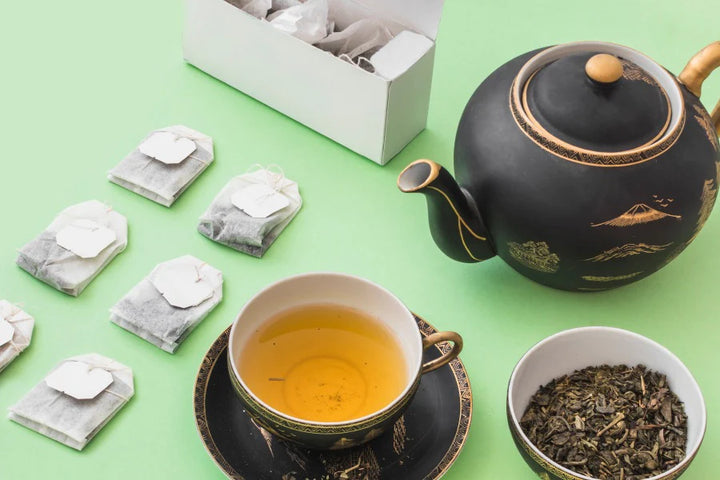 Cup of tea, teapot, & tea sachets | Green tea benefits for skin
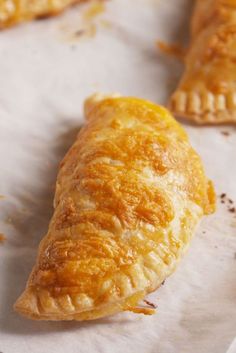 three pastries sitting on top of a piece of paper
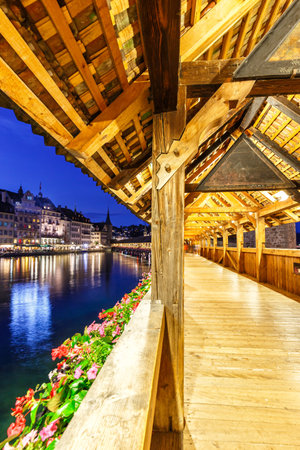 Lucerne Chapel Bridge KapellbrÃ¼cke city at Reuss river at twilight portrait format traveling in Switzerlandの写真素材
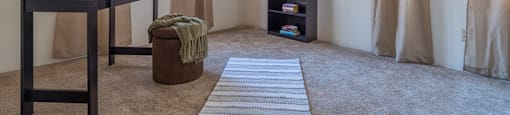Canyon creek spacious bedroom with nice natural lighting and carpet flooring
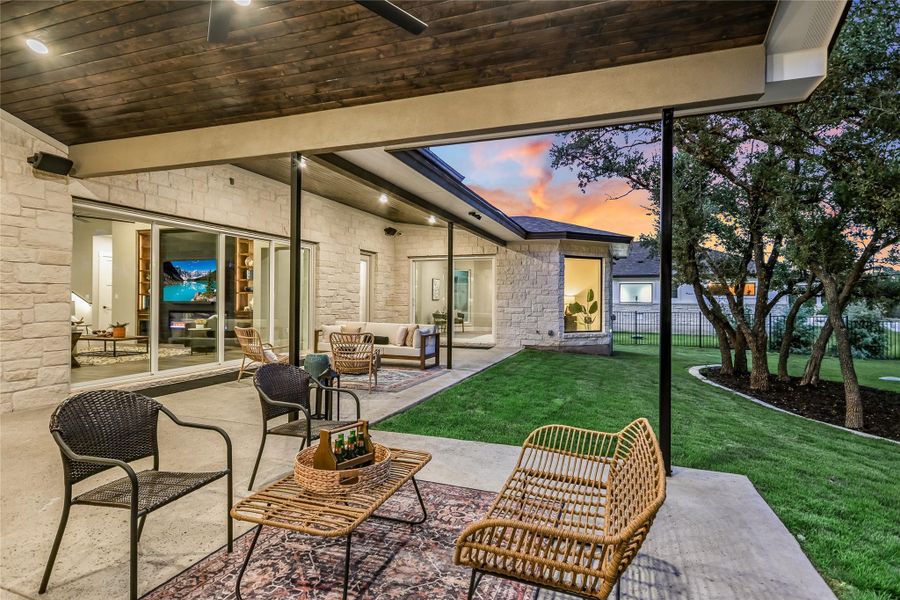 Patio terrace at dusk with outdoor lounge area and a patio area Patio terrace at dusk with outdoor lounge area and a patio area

...

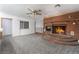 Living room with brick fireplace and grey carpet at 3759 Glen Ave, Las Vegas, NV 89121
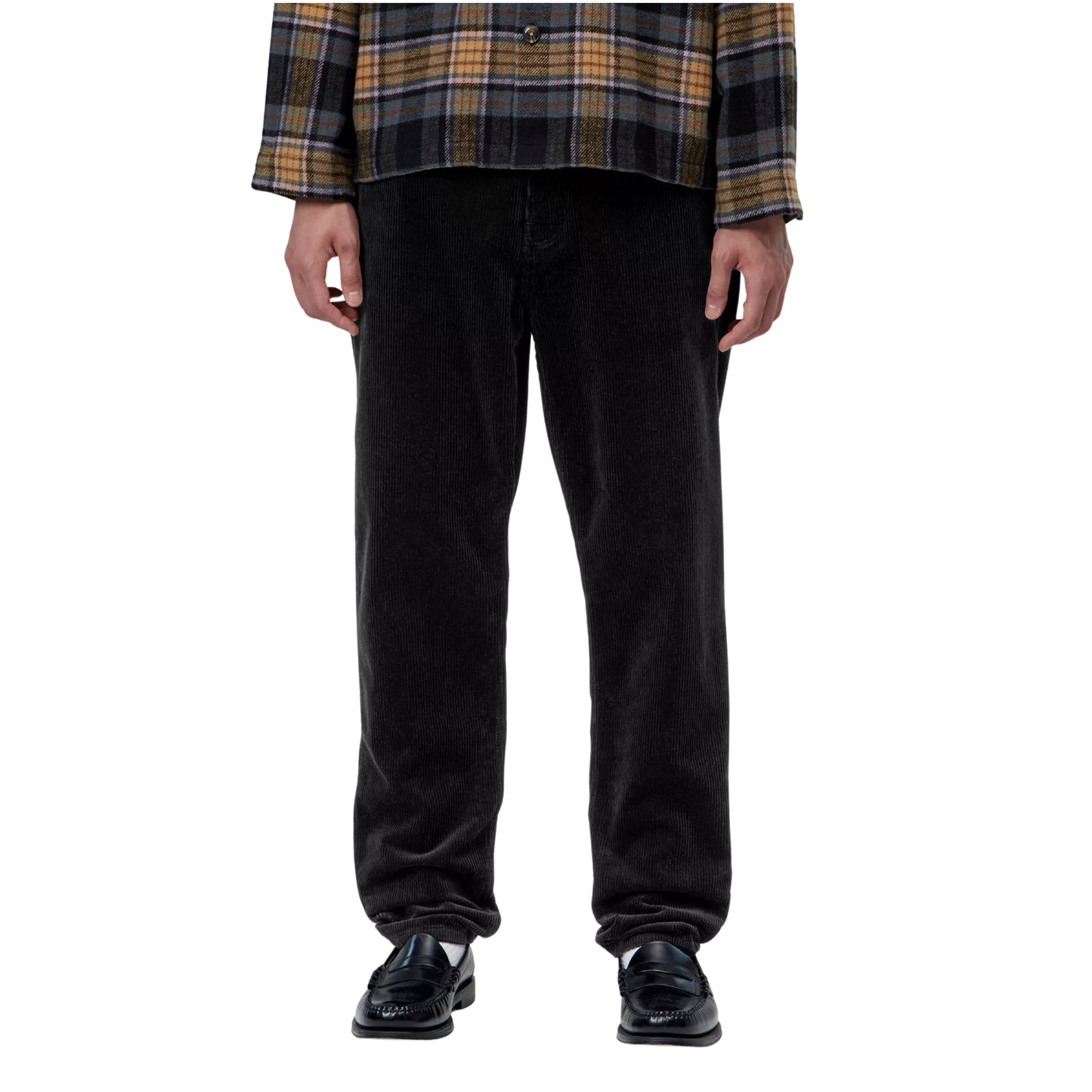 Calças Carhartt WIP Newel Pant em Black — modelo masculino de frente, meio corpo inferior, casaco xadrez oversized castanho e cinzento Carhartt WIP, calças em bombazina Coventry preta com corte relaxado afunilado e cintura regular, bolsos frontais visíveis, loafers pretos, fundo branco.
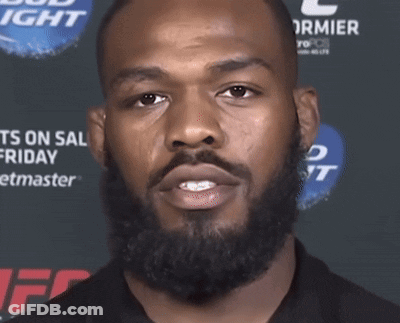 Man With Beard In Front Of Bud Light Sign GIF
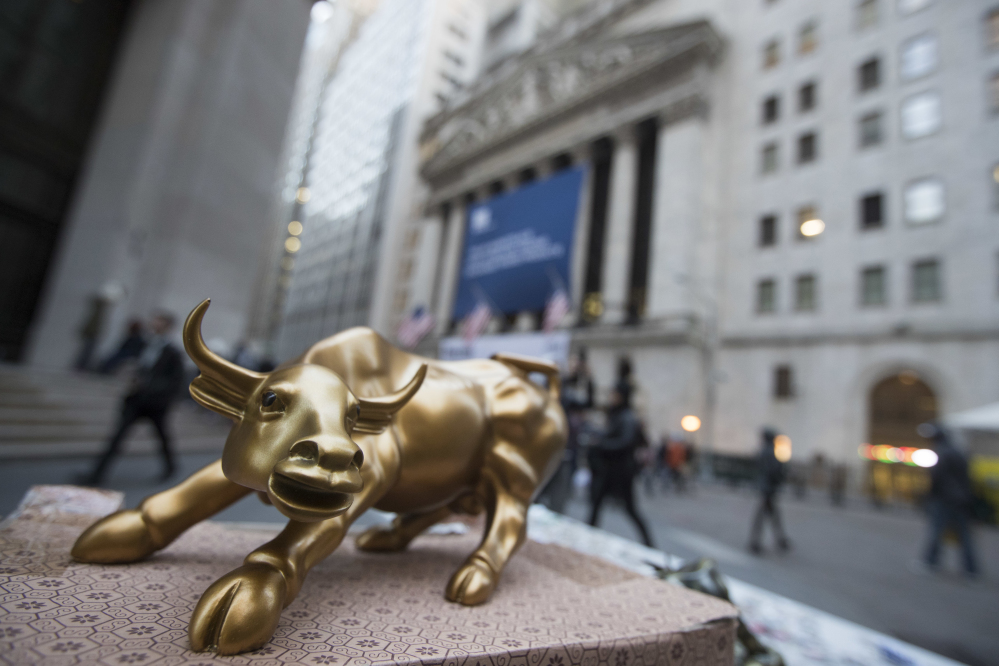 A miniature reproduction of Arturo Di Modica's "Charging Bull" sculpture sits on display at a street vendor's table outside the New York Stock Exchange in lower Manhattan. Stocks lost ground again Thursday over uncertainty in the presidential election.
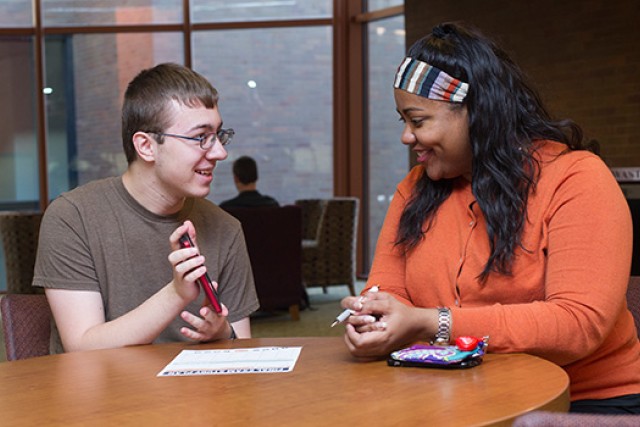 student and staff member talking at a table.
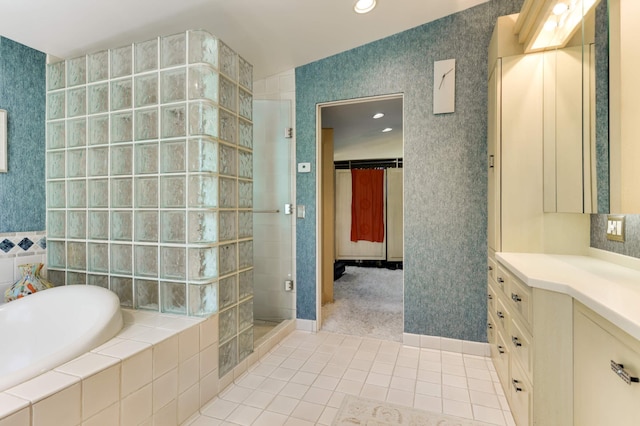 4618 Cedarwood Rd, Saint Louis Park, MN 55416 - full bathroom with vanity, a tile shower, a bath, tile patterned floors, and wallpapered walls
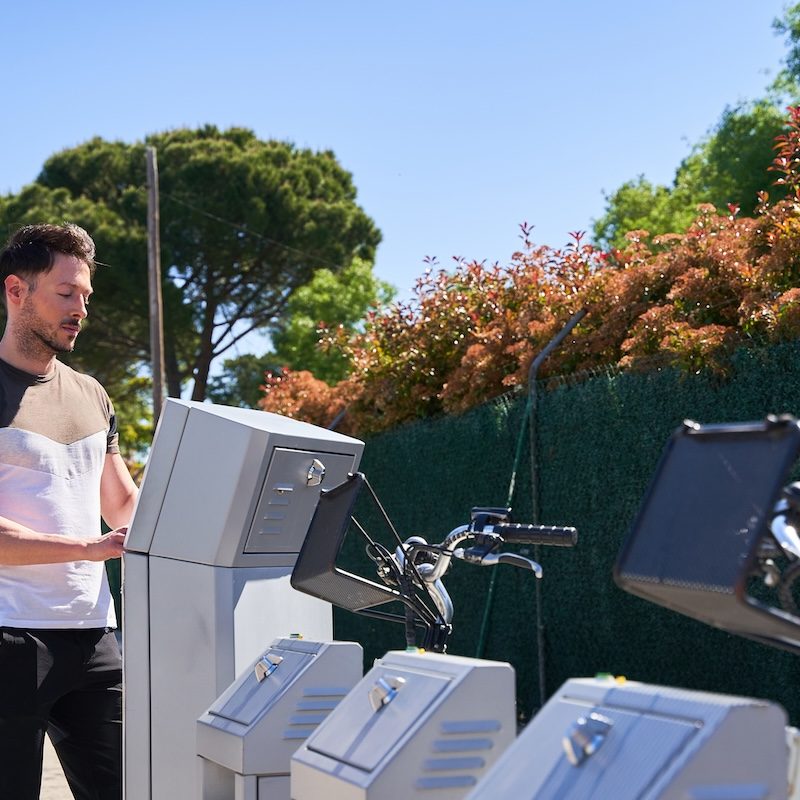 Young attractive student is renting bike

--

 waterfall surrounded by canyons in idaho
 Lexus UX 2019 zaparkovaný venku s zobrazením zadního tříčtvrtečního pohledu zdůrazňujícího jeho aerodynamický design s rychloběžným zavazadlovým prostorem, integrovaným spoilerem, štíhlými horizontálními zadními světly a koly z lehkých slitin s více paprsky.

▶ Your task
Go back to the listing above and reproduce, exactly, the stretch from the line bearing "A miniature reproduction" through the line bearing "student and staff member talking at a table.", without its pictures.

▶ Expected output
 A miniature reproduction of Arturo Di Modica's "Charging Bull" sculpture sits on display at a street vendor's table outside the New York Stock Exchange in lower Manhattan. Stocks lost ground again Thursday over uncertainty in the presidential election.
 student and staff member talking at a table.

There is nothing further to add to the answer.